───── SOURCE MATERIAL

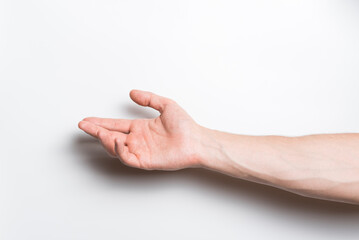 Wall Mural - Close-up of a man's hand stretched palm up on a white background.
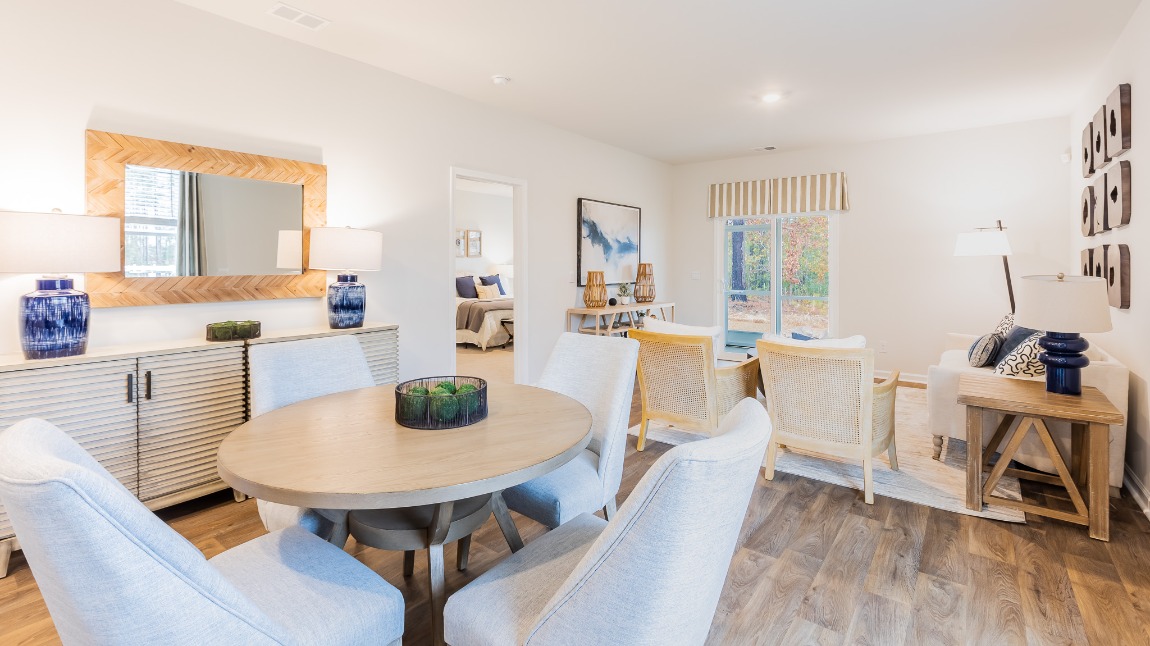 The open concept living areas with the primary bedroom located off of them.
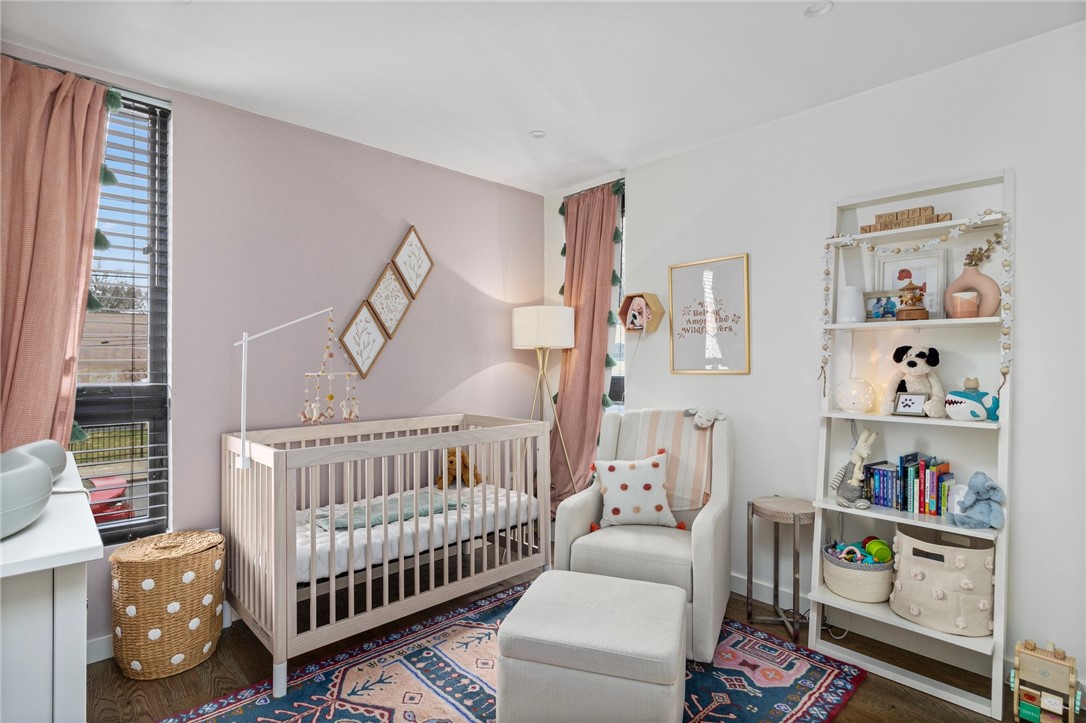 Nursery with a light wood crib, rocking chair, and colorful patterned rug.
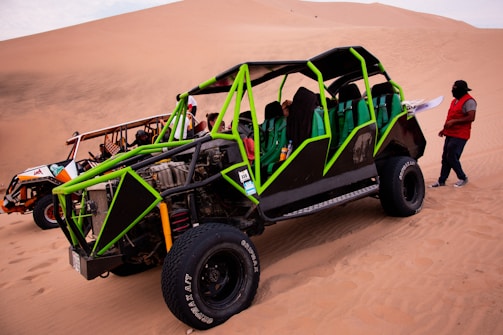a person standing next to a vehicle in the desert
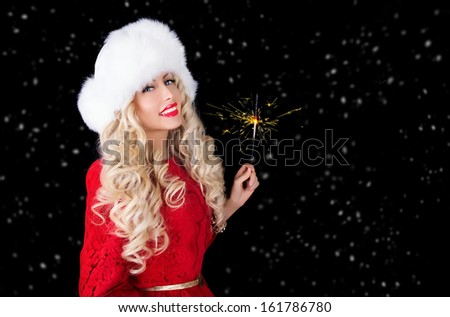 happy beautiful woman in fur hat and red dress with bengal light in hand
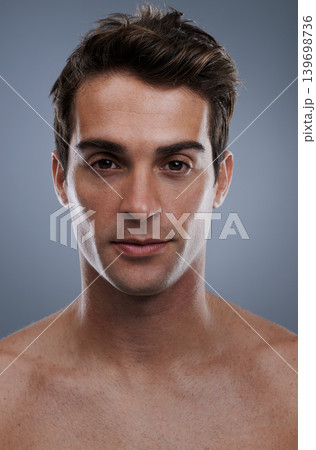 Portrait, skincare and man with cosmetics, wellness and confident guy on grey studio background. Face, person and model with beauty or grooming with routine or dermatology with healthy skin or glow 139698736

──────────

# [WHAT THIS TASK INVOLVES]
In the copy, every entry appears exactly as written above and no picture appears.

# [TASK RESULT]
 Wall Mural - Close-up of a man's hand stretched palm up on a white background.
 The open concept living areas with the primary bedroom located off of them.
 Nursery with a light wood crib, rocking chair, and colorful patterned rug.
a person standing next to a vehicle in the desert
 happy beautiful woman in fur hat and red dress with bengal light in hand
 Portrait, skincare and man with cosmetics, wellness and confident guy on grey studio background. Face, person and model with beauty or grooming with routine or dermatology with healthy skin or glow 139698736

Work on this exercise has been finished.